Sum of squared deviations

TL;DR Comparison of approaches


In [2]:
from numba import jit
import numpy as np
import pandas as pd
from numpy import sum, power, mean
from matplotlib import pyplot as plt
%matplotlib inline
import matplotlib
matplotlib.rcParams['figure.figsize'] = (16, 8)

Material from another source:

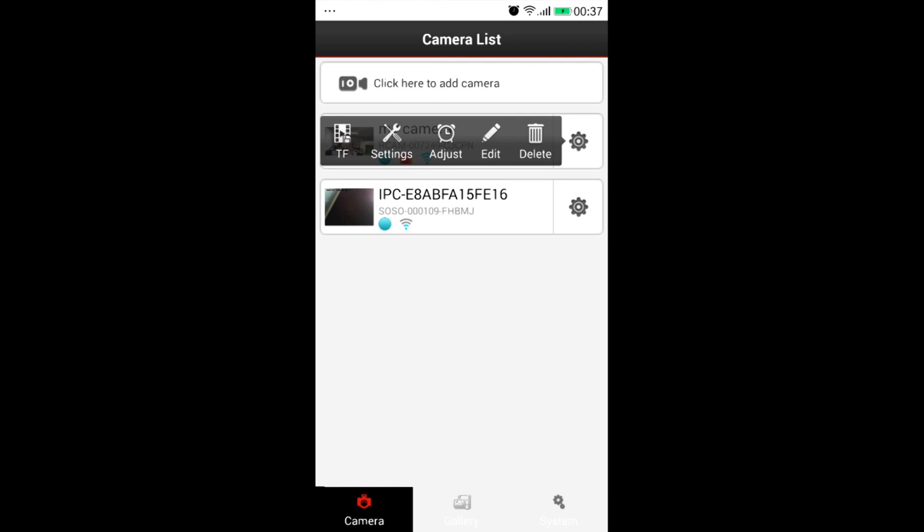Adjust is to do time synchronization as per your mobile time. Delete is to delete the camera added. Edit is to change the camera information, which is similar to user settings.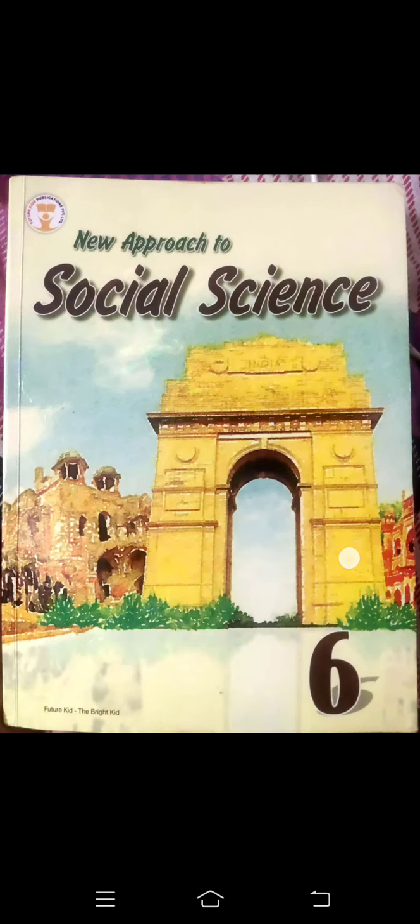Hello, good morning everyone. On behalf of Oscar Public School, I welcome you all to the online classes. My name is Nimesha. I am your social science teacher. I guess you all are fit and fine at your homes. I am so excited to teach you this subject.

from IPython.core.interactiveshell import InteractiveShell
InteractiveShell.ast_node_interactivity = "all"

In [3]:
@jit(nopython=True)
def sum_sq_dev(x):
    return sum(power(x - mean(x), 2))

In [4]:
@jit(nopython=True)
def sum_sq_dev_experimental(x):
    population_mean = mean(x)
    total = 0.0

    for value in x:
        total += power((value - population_mean), 2)

    return total

In [5]:
x = np.random.randn(1000)

In [6]:
np.testing.assert_almost_equal(sum_sq_dev(x), sum_sq_dev_experimental(x))  # Basic sanity test

In [7]:
results = []

for exponent in range(7):
    population_size = 10**exponent
    x = np.random.randn(population_size)
    timings_v1 = %timeit -o sum_sq_dev(x)
    timings_v2 = %timeit -o sum_sq_dev_experimental(x)
    np.testing.assert_almost_equal(sum_sq_dev(x), sum_sq_dev_experimental(x))
    results.append((population_size, timings_v1.best, timings_v2.best))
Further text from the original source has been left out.